=== PROMPT ===
Pictures stay out of the copy; set down each line of the listing below exactly.

=== RECORD SET ===
◆ ◆ ◆ ◆
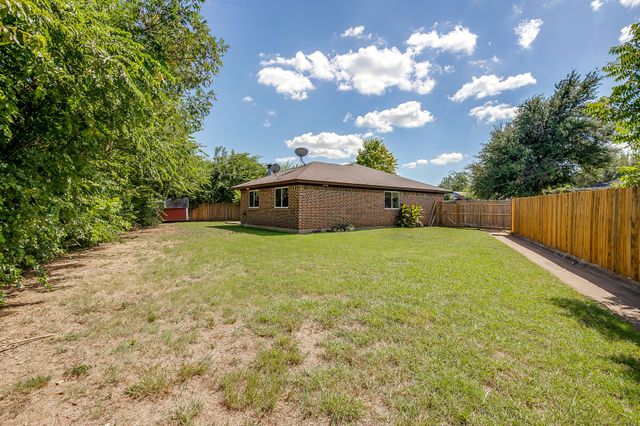 6805 Eagle Rock Drive, Fort Worth, TX 76133
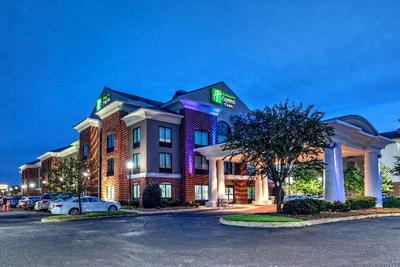 Holiday Inn Express & Suites Memphis Southwind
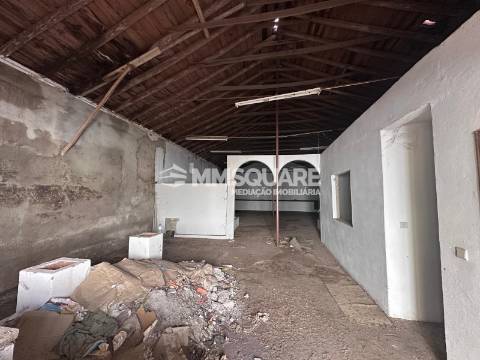 Armazém  Venda em Castro Verde e Casével,Castro Verde
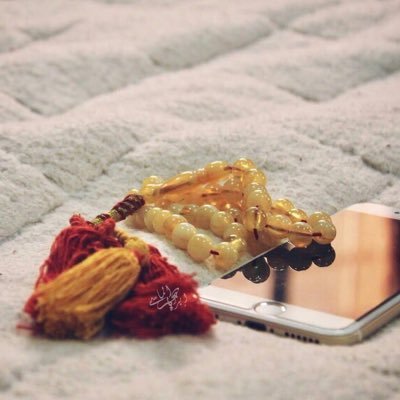 لتعيش الحياة : خذ من المسنين عقولهم .. و من الاطفال قلوبهم .. و من العظماء هيبتهم .. و من الفقراء صبرهم ..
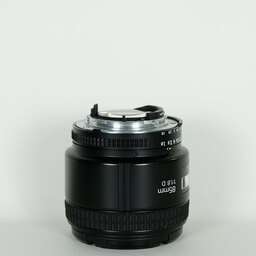Nikon Ai AF Nikkor 85mm f/1.8D Nikon Ai AF Nikkor 85mm f/1.8D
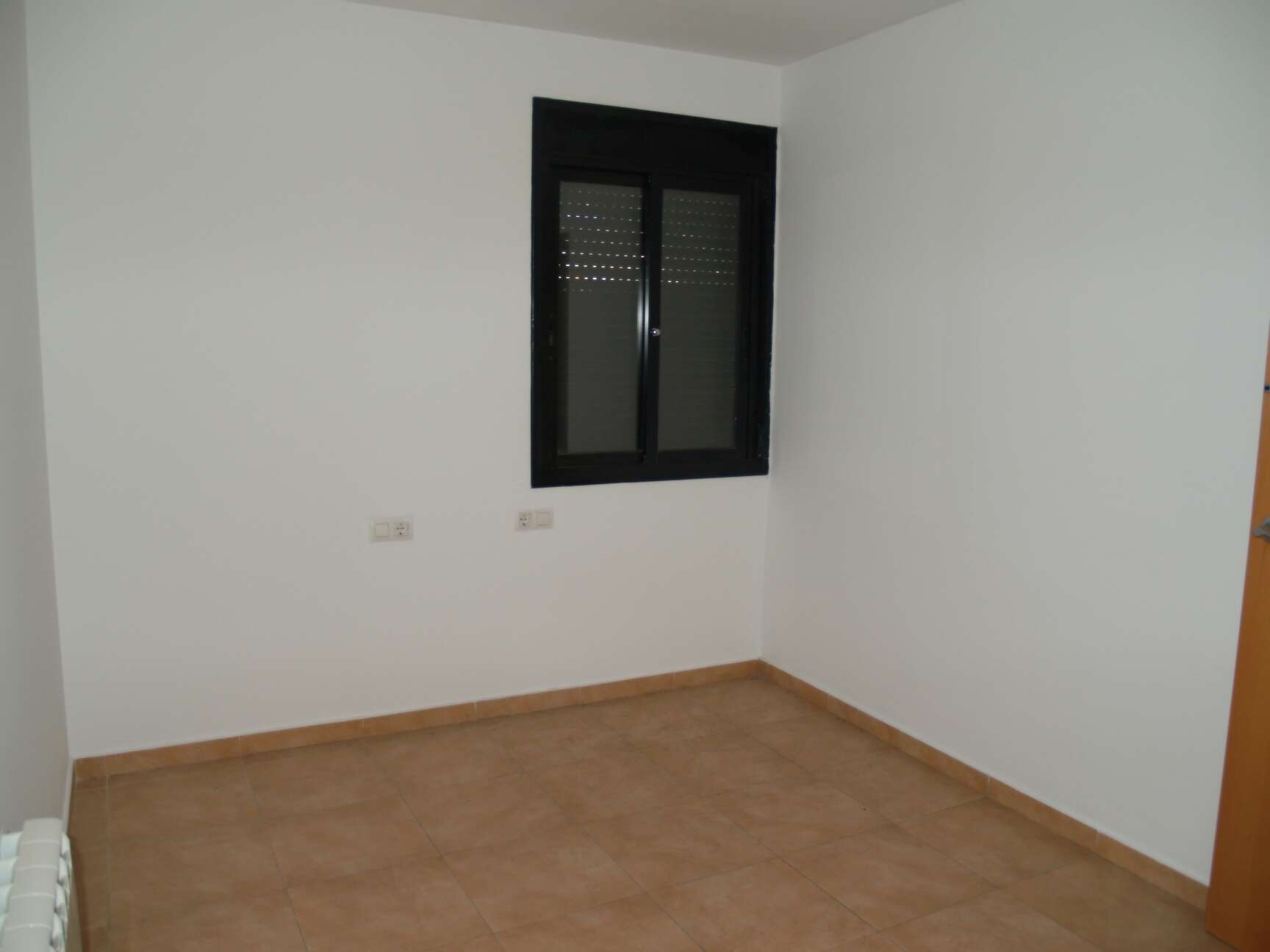 Oferta banco, piso a la venta con plaza de aparcamiento la Jonquera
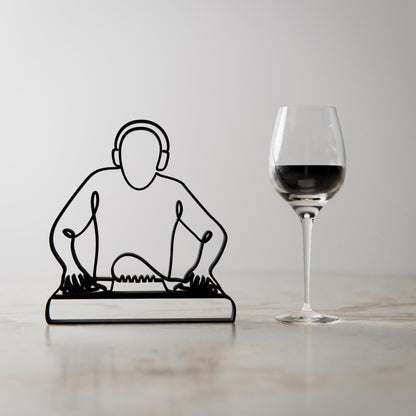 Anatolian Gift BoxDJ - Customized Line Art Figure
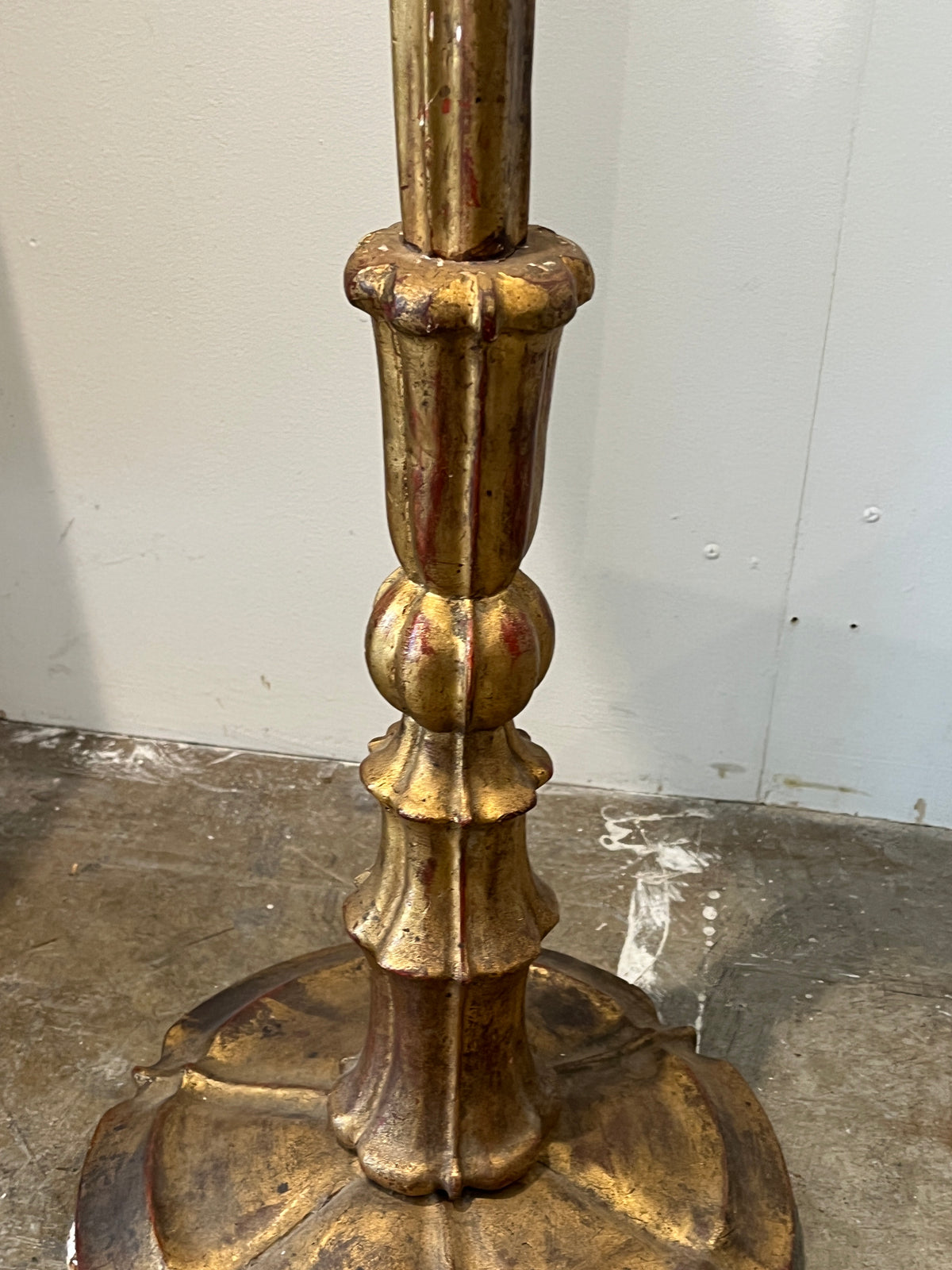 19th Century Italian Giltwood Floor Lamp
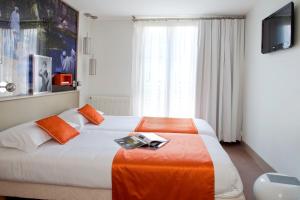 Hotel Mayet - Additional Information and Discounts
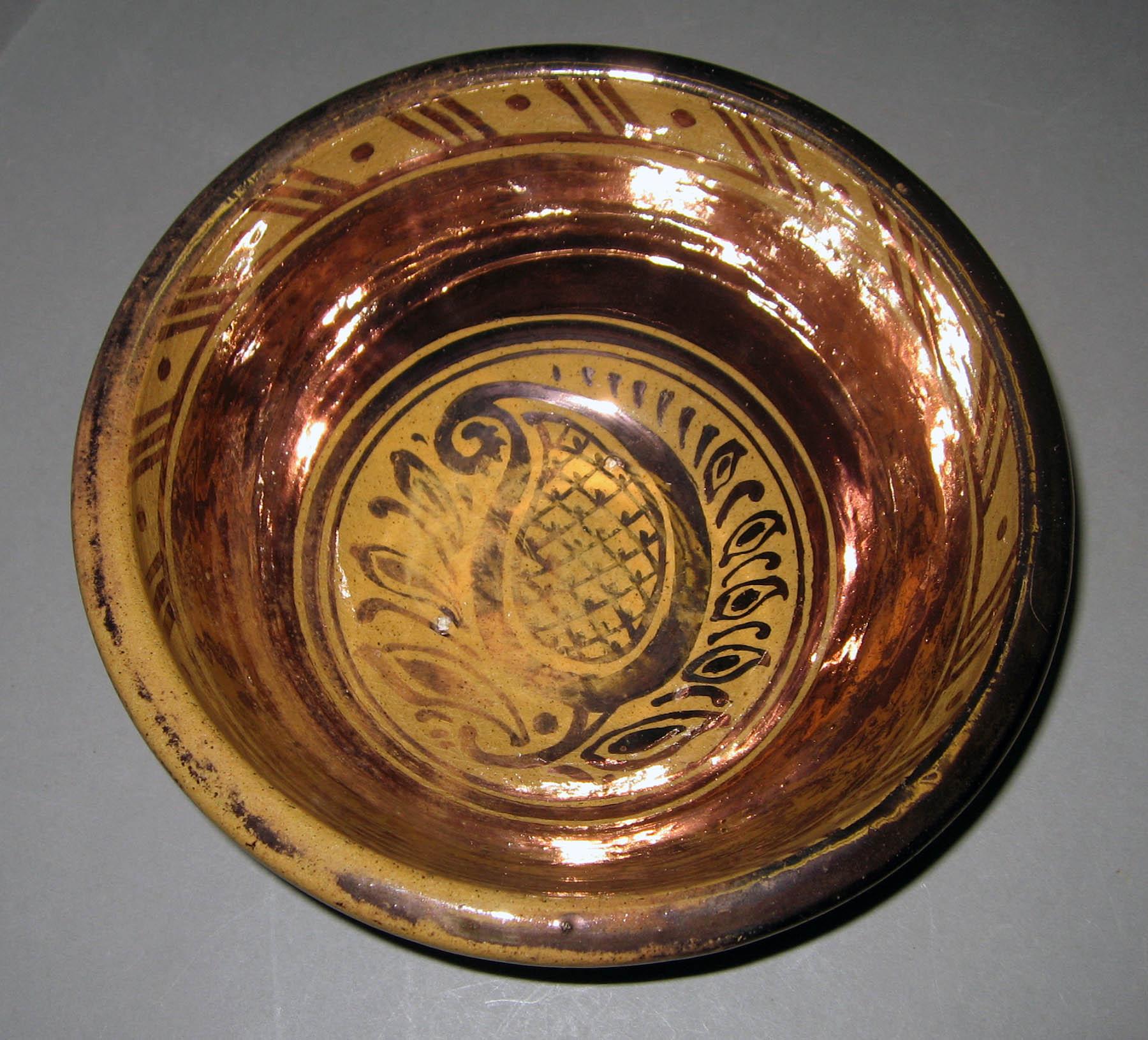 1977.0056 Lusterware bowl (interior)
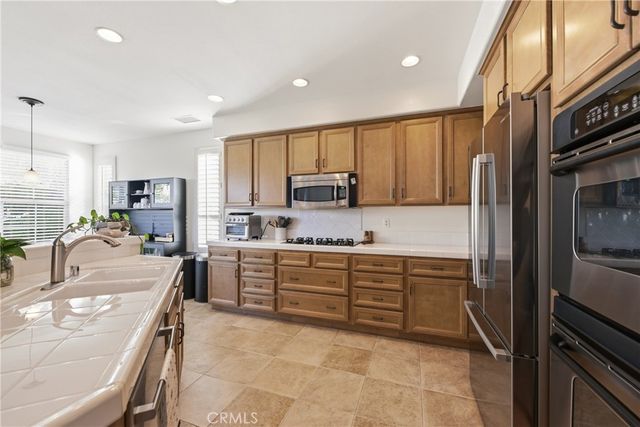 2273 Swift Fox Court, Simi Valley, CA 93065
◆ ◆ ◆ ◆
=== EXPECTED OUTPUT ===
 6805 Eagle Rock Drive, Fort Worth, TX 76133
 Holiday Inn Express & Suites Memphis Southwind
 Armazém  Venda em Castro Verde e Casével,Castro Verde
 لتعيش الحياة : خذ من المسنين عقولهم .. و من الاطفال قلوبهم .. و من العظماء هيبتهم .. و من الفقراء صبرهم ..
Nikon Ai AF Nikkor 85mm f/1.8D Nikon Ai AF Nikkor 85mm f/1.8D
 Oferta banco, piso a la venta con plaza de aparcamiento la Jonquera
 Anatolian Gift BoxDJ - Customized Line Art Figure
 19th Century Italian Giltwood Floor Lamp
 Hotel Mayet - Additional Information and Discounts
 1977.0056 Lusterware bowl (interior)
 2273 Swift Fox Court, Simi Valley, CA 93065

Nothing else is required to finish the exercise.